I kept searching and searching, but there’s really nothing that even comes close to describing how Ohioans feel about LeBron James.
James was a hometown kid. He grew up in northeast Ohio. He understood the difficulty of being a sports fan in that area. The Indians had a few years in the 1990s, but nothing ever came of it. The Browns were, well, the Browns. (Let’s not even mention Art Modell and his heart-wrenching midnight move to Baltimore.) The Cavaliers, though, were the most inept of the bunch. They were never — and I mean never — any good. But James changed all that, and the city of Cleveland welcomed him with open arms precisely because he was homegrown. He got it, and while he was there, he embraced it.
Then his contract came up.
Most Ohioans would have understood if James had just respectfully decided to leave.
“Cleveland, it’s been great. But I could become immortal in the Garden,” he could have said in an introductory press conference in New York. People would have understood. (In fact, I don’t really understand why he didn’t take that opportunity, but that’s a topic for another column.)
“Cavalier fans, this wasn’t easy.

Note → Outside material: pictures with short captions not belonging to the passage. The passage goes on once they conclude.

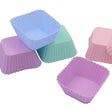 four different colored cupcake cases are lined up on a white surface
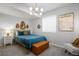 Stylish bedroom featuring a modern chandelier, a teal bed with a storage bench, and a gray accent chair at 9567 Juniper Way, Arvada, CO 80007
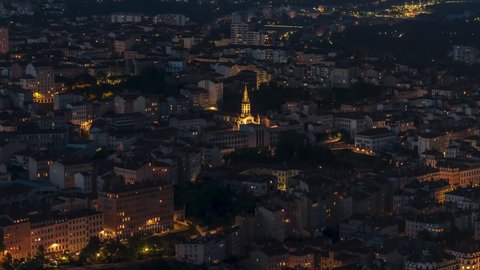 Establishing Aerial View Shot of Lyon Fr, Auvergne-Rhone-Alpes, France at night evening, busy center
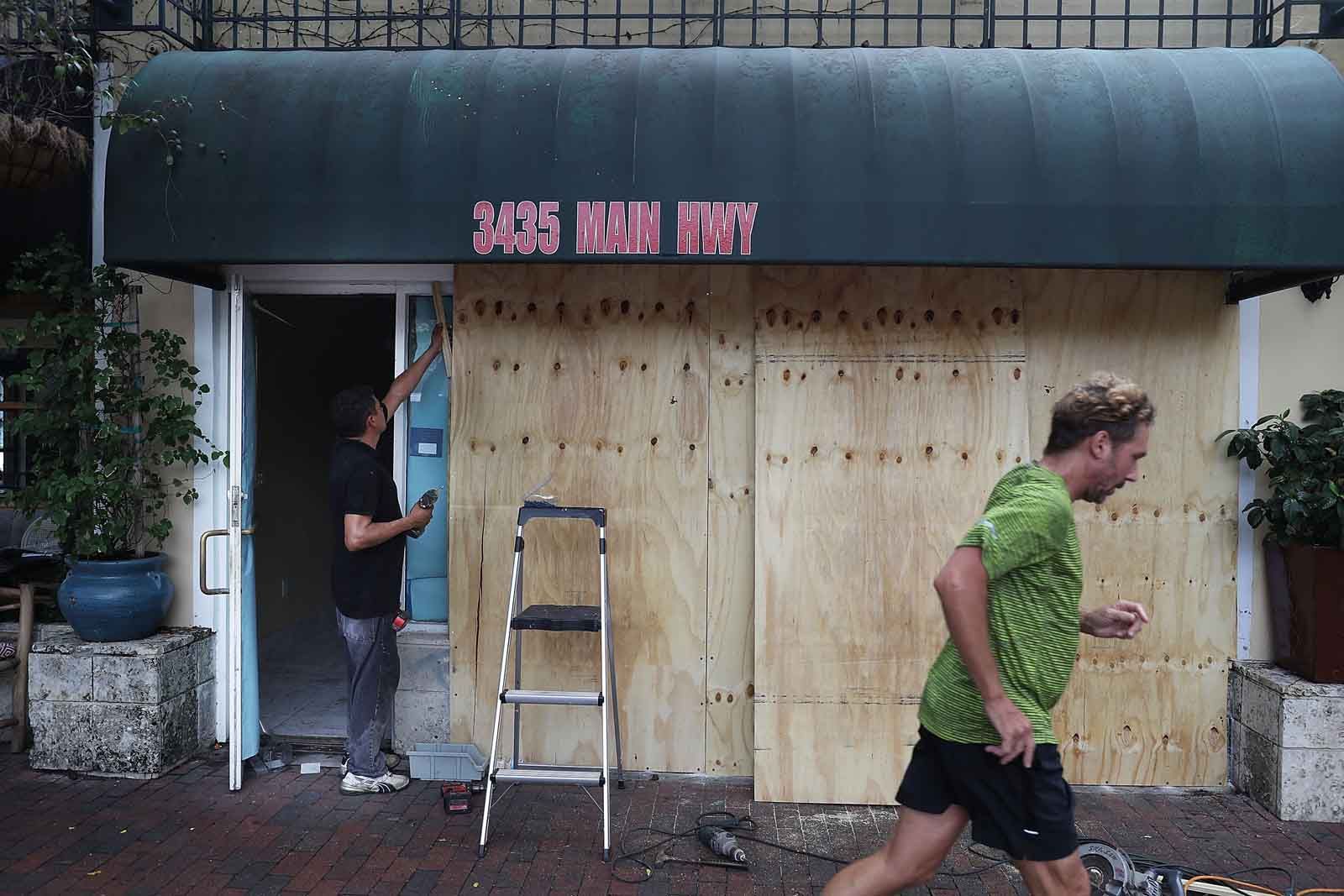 Samuel Bonia puts plywood over windows of a business as they prepare for Hurricane Irma on Sept. 6, 2017 in Miami, Florida. It's still too early to know where the direct impact of the hurricane will take place but the state of Florida is in the area of possible landfall.  (Photo by Joe Raedle/Getty Images)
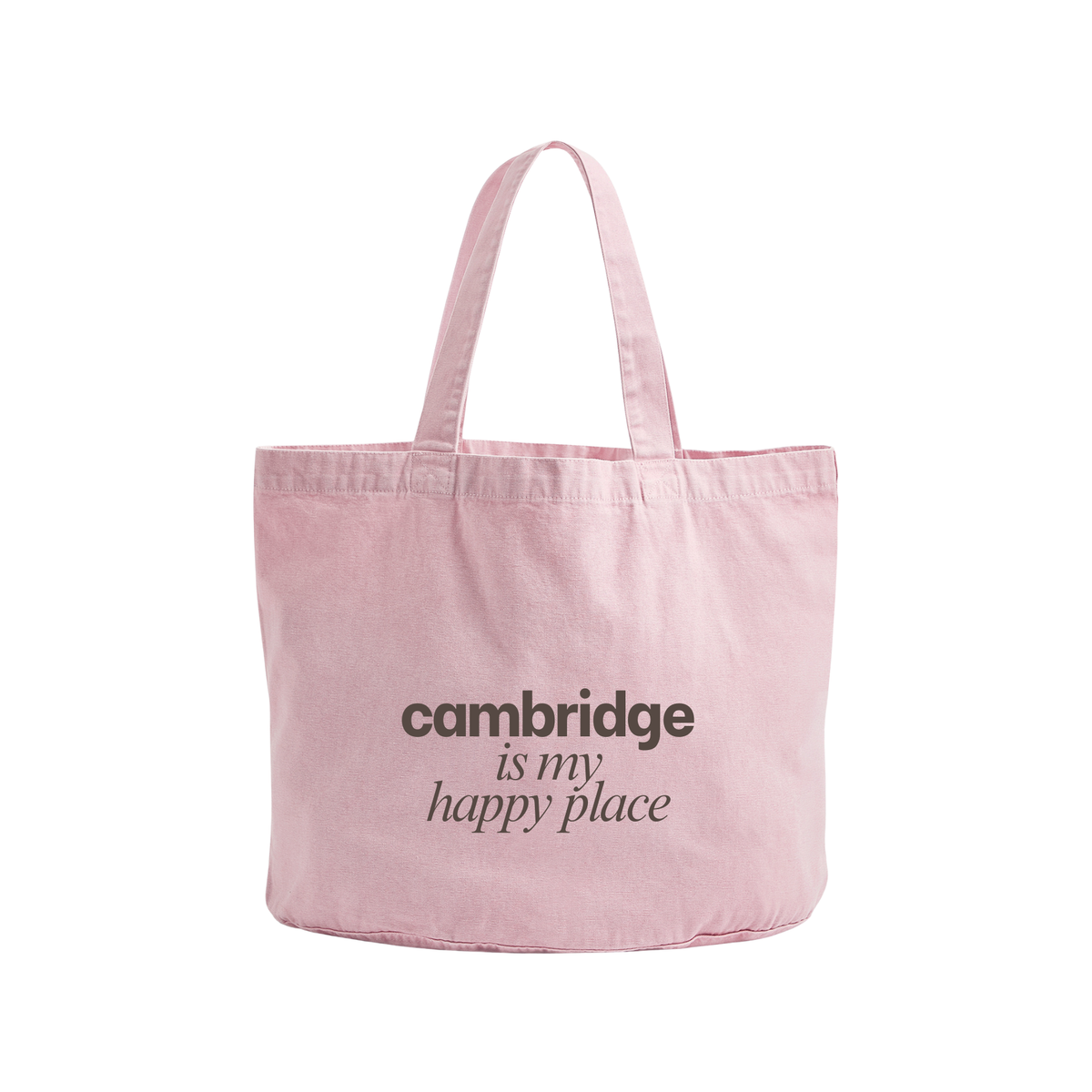 A light pink canvas tote bag with two shoulder straps, featuring the printed text 'cambridge is my happy place' in black on the front, set against a plain white background.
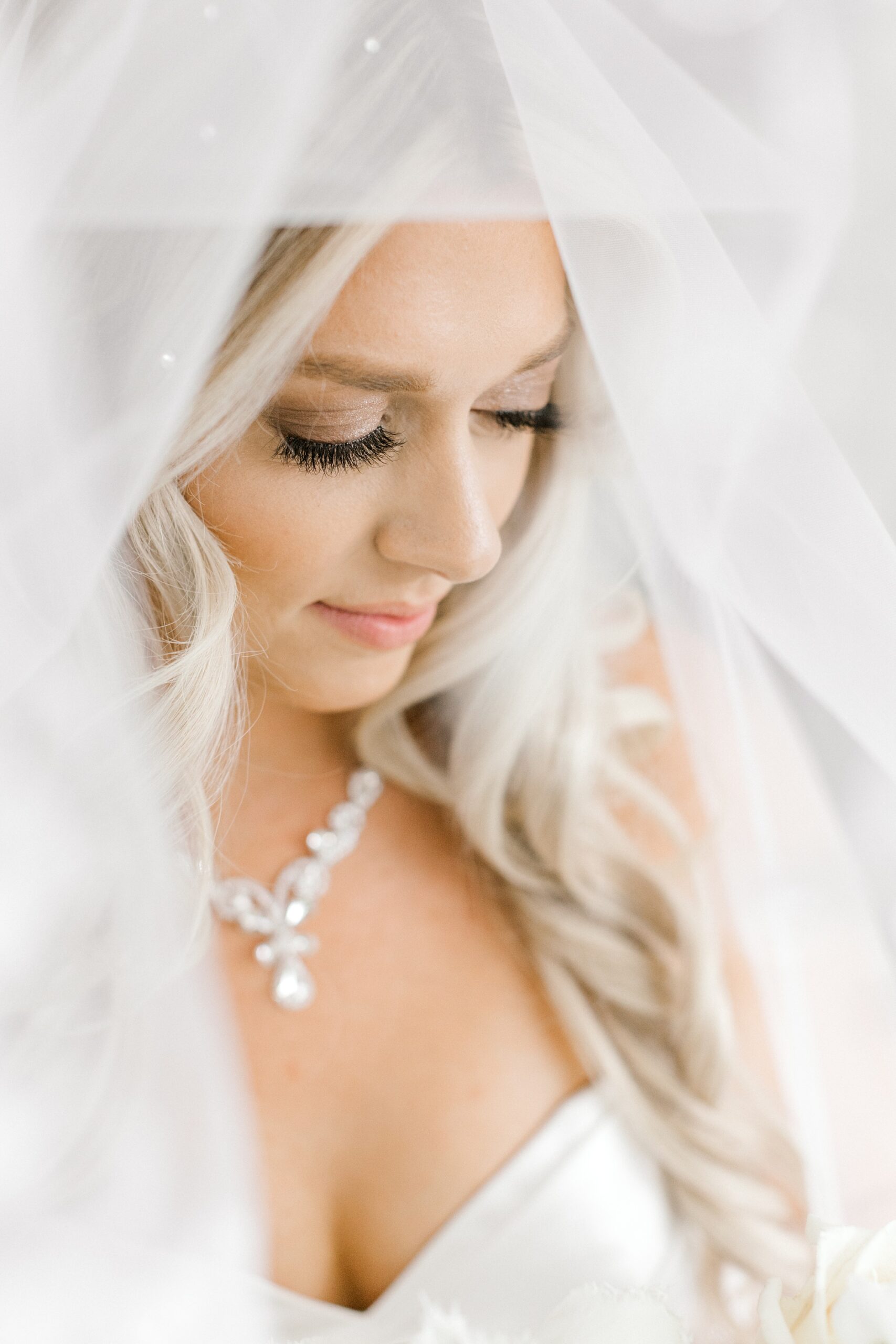 blonde bride looks down under veil with diamond necklace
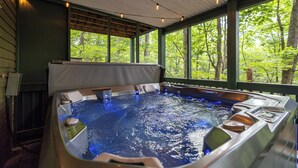 A hot tub with a wooden deck and a view of a forest through large windows.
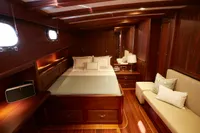 Luxurious 2020 custom schooner cabin with wooden interior, cozy bed, and elegant decor.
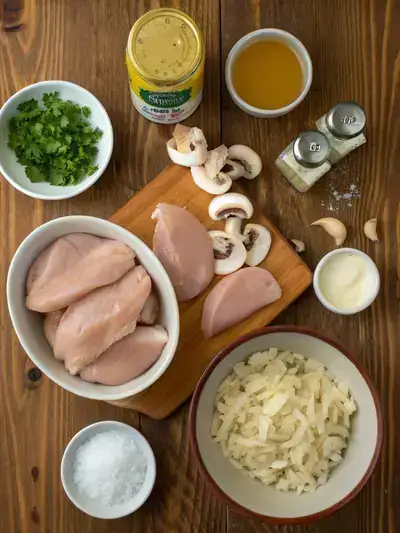 Ingredients for Slow Cooker Chicken Stroganoff displayed on a kitchen table.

But I couldn’t pass up the opportunity to play basketball with two of my best friends and hang out in South Beach,” he could have said in a statement. No one would have blamed him for that — how could you?
But instead, he called a one-hour primetime special. Every Ohioan figured James understood the region’s sports pain and that he knew better than to twist the knife. If he was making such a big deal of this, the thinking went, he must be announcing his return to Cleveland — he gets us, right?
We all know how that story went.
Now, apparently LeBron says he’s open to returning to Cleveland.
“I think it would be great,” James said when asked if he would want to don a Cavaliers jersey in the future.
He really doesn’t get it. After growing up in that culture, being hailed as the savior of Cleveland sports, then very publicly leaving the area in humiliating fashion … he wants to come back? The depth of his hubris is staggering.
I’m not going to pretend I know what’s going on in James’ head. But I really do find it difficult to believe he didn’t know better than to publicly torture an already-tortured city. He grew up there. How could he not have known?
I find it even more difficult to believe he doesn’t realize that it’s now too late to mend that relationship. Is he that really blind?
Forget analogies. There are no words.
The views expressed in this column are those of the author and not necessarily those of The Observer.